Task requirements: Word for word, return the lines below from the first through the line that has "MASTER MAGNETICS INC, Source", dropping the pictures.
[Information Boundary: Start]
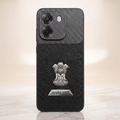 Oppo K14 5G Satyamev Jayate 2-in-1 Emblem Carbon Fiber Leather Phone Case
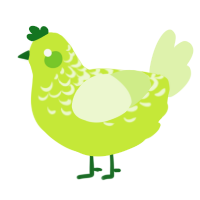 A lime and apple chicken with a half-lace pattern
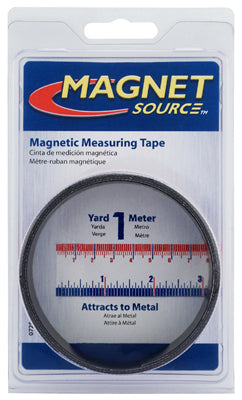 MASTER MAGNETICS INC, Source magnétique 39.375 in. L X 1 in. W Blue/Red/White Magnetic Measuring Tape 1 pc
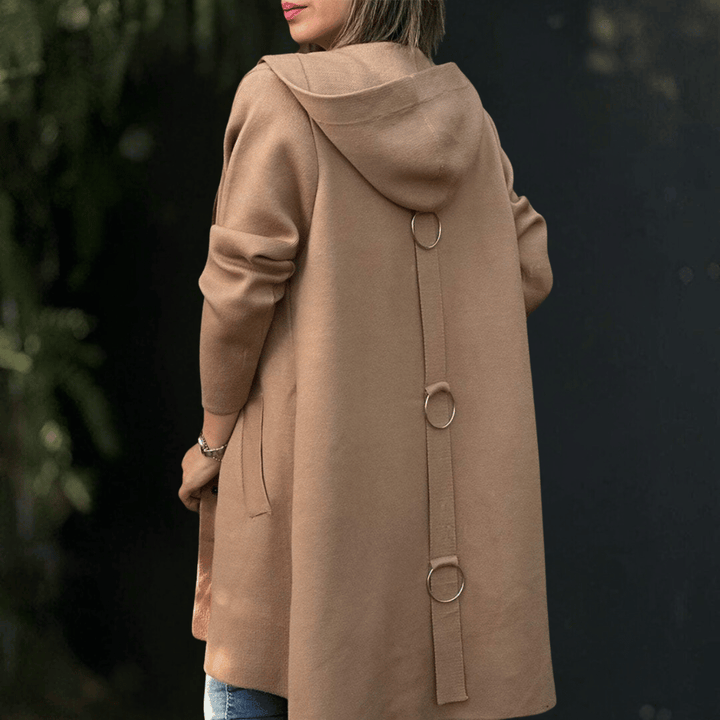 Levoire | Manteau À Capuche Sans Mélange Café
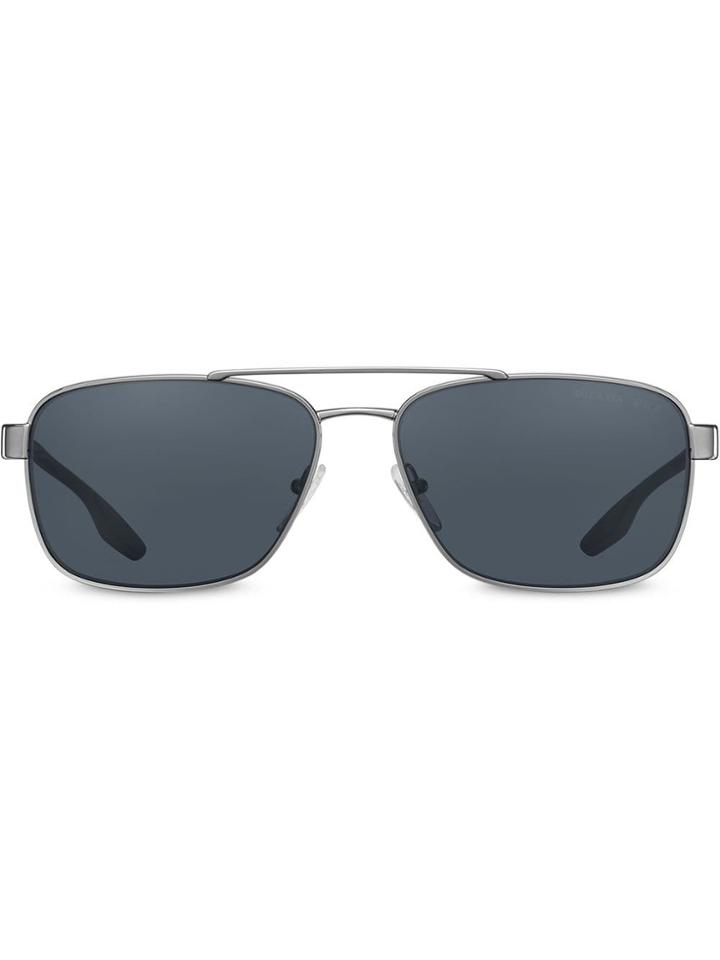 Prada Eyewear Top Bar Square Sunglasses - Grey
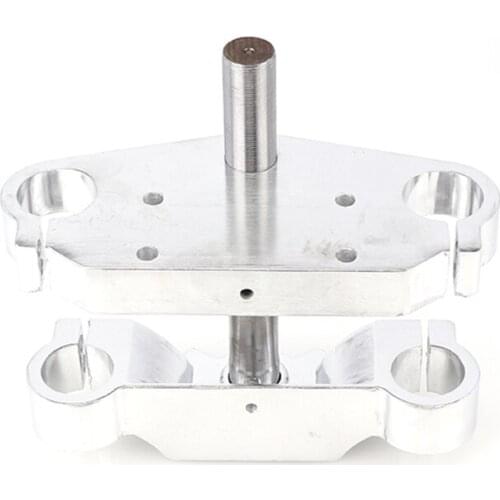 Aluminum Motorcycle 22mm 7/8" Handlebar Riser Mount Bars 33MM inverted shock absorber direction device upper and lower plate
[Information Boundary: End]
Answer to this exercise:
 Oppo K14 5G Satyamev Jayate 2-in-1 Emblem Carbon Fiber Leather Phone Case
 A lime and apple chicken with a half-lace pattern
 MASTER MAGNETICS INC, Source magnétique 39.375 in. L X 1 in. W Blue/Red/White Magnetic Measuring Tape 1 pc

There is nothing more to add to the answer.